Škoda Group EMU for Bulgaria - visualisation (1)

BULGARIA: The Ministry of Transport & Communications has signed a contract for Škoda Group to supply 20 four-car 160 km/h electric-multiple units for use on long distance services from Sofia to Burgas, Varna and Ruse.

The 25 kV AC 50 Hz EMUs from the Czech manufacturer’s RegioPanter family will have more than 300 seats, air-conditioning, wi-fi, ETCS and internal and external CCTV. They will be partially low-floor for accessibility, with low-height boarding, 1 500 mm wide doors and multifunctional areas for disabled travellers, prams and bicycles.

Delivery is scheduled within 24 months, and the manufacturer will provide full servicing for 15 years and train local staff. There are options to order five more EMUs.

Skoda EMU contract signing 20240904 (Photo Ministry of Transport and Communications)

‘Today, with the signing of this contract, we are taking a huge step towards the renewal of the Bulgarian railway’, said recently-appointed Minister of Transport & Communications Krasimira Stoyanova on September 4. ‘I wish the contractor’s representatives success, honesty and compliance with the delivery deadline. I sincerely hope that very soon we will be greeted with more contracts for new rolling stock and equipment financed under the National Recovery & Resilience Plan.’

Škoda had offered a price of 511·4m leva, beating the BUL20EMU consortium of Alstom and RVP Invest which bid 659m leva.

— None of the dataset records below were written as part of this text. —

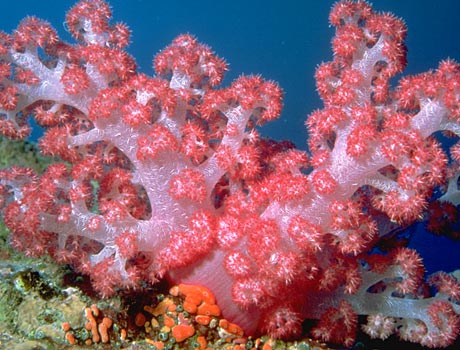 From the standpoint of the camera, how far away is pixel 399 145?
297cm

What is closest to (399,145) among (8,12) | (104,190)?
(104,190)

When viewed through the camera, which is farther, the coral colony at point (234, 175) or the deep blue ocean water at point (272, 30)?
the deep blue ocean water at point (272, 30)

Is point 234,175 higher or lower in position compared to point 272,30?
lower

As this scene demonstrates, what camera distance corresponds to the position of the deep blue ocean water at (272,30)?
76438 millimetres

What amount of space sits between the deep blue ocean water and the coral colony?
61187mm

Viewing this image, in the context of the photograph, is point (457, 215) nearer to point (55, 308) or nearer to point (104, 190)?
point (104, 190)

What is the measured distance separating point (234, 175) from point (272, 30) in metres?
101

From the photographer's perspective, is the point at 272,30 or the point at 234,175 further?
the point at 272,30

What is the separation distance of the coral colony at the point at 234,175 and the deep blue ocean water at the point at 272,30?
201ft

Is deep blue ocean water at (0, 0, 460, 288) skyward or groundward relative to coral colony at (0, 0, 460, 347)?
skyward

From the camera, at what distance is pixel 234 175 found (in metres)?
3.56

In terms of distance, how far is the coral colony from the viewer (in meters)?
3.14

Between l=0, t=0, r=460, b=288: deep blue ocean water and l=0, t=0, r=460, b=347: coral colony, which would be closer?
l=0, t=0, r=460, b=347: coral colony

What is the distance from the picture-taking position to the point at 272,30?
98625mm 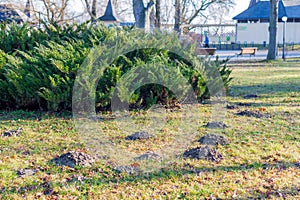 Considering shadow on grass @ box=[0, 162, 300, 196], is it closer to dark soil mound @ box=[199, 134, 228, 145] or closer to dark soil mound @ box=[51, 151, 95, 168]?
dark soil mound @ box=[51, 151, 95, 168]

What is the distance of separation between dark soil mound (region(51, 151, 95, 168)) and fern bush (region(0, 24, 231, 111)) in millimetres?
2194

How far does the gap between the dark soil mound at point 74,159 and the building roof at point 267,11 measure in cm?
4149

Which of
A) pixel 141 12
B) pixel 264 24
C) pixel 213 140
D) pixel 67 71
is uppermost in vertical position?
pixel 264 24

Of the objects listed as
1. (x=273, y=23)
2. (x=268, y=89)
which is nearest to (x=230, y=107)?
(x=268, y=89)

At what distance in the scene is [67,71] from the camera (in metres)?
6.24

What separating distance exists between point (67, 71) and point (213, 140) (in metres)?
2.90

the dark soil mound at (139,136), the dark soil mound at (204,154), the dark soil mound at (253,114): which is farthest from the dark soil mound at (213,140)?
the dark soil mound at (253,114)

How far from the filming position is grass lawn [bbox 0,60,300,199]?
3.25 meters

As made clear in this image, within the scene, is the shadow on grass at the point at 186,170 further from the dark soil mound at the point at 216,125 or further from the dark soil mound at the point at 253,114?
the dark soil mound at the point at 253,114

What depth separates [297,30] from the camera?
40.5m

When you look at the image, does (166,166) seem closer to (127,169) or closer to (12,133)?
(127,169)

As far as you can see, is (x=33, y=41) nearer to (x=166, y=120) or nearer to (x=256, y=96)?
(x=166, y=120)

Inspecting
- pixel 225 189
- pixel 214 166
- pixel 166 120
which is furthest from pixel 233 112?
pixel 225 189

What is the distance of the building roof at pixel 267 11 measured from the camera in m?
41.5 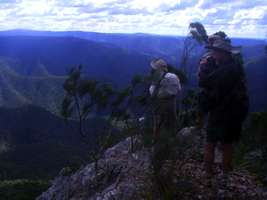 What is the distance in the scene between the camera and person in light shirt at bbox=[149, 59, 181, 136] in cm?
852

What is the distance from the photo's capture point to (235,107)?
6773 mm

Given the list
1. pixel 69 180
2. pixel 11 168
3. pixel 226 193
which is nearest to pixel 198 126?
pixel 226 193

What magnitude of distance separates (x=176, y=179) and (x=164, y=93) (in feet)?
9.47

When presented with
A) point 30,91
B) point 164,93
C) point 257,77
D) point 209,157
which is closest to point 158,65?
A: point 164,93

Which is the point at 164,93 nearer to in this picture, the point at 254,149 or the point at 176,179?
the point at 254,149

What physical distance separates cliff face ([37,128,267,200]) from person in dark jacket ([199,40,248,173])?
13.6 inches

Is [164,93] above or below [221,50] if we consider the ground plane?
below

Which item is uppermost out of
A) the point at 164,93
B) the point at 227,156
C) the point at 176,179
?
the point at 164,93

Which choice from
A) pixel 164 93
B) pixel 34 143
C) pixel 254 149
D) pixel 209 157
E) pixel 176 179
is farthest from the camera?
pixel 34 143

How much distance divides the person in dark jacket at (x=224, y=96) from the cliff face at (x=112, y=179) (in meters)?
1.14

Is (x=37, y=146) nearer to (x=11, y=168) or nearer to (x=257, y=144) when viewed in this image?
(x=11, y=168)

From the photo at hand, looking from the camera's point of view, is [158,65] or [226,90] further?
[158,65]

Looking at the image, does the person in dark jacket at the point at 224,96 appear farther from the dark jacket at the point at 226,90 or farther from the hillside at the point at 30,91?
the hillside at the point at 30,91

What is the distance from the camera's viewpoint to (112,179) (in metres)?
9.23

Škoda Group CEO and Executive Chairman Petr Novotný said the company’s experience had enabled it to offer a proven design used in several countries. ‘Nearly 400 of our modern electric units will soon be on European railways’, he said. ‘Winning this order confirms that our products can compete internationally and at the same time strengthens our position in the modernisation of European rail transport.’

Problematic procurements

Separately, a number of other Bulgarian rolling stock procurements have run into problems. Issues include tight timescales, with the requirement for Recovery & Resilience Plan funds to be spent by August 2026.

In July, preferred bidder Stadler Polksa dropped out of the running for a contract to supply 35 EMUs within 28 months, with second ranked bidder Pesa Bydgoszcz taking its place in the negotiations.

The ministry said efforts had been made to reach an agreement with Stadler, which had bid 642·5m leva, but the supplier had wanted significant changes.

Alstom and Škoda had also made proposals under the negotiated procedure, which was launched after a previous open call attracted just two bids, both of which were deemed non-compliant.

Stadler also withdrew from a separate 301m leva contract signed in April which covered the supply and maintenance of seven double-deck 200 km/h EMUs, with options for three more. The initial tender was cancelled in January after sole bidder Vossloh Rolling Stock, which is owned by China’s CRRC, could not meet the required timescale.

In March, CRRC Qingdao Sifang Locomotive withdrew a bid for a contract to supply 20 push-pull inter-city trainsets. This came after the European Commission launched an investigation into whether the Chinese state-owned company might have benefited from an unfair subsidy enabling to offer a much lower price than rival bidder Talgo. The Spanish firm was unable to meet the required delivery timescales, and the procurement was subsequently cancelled.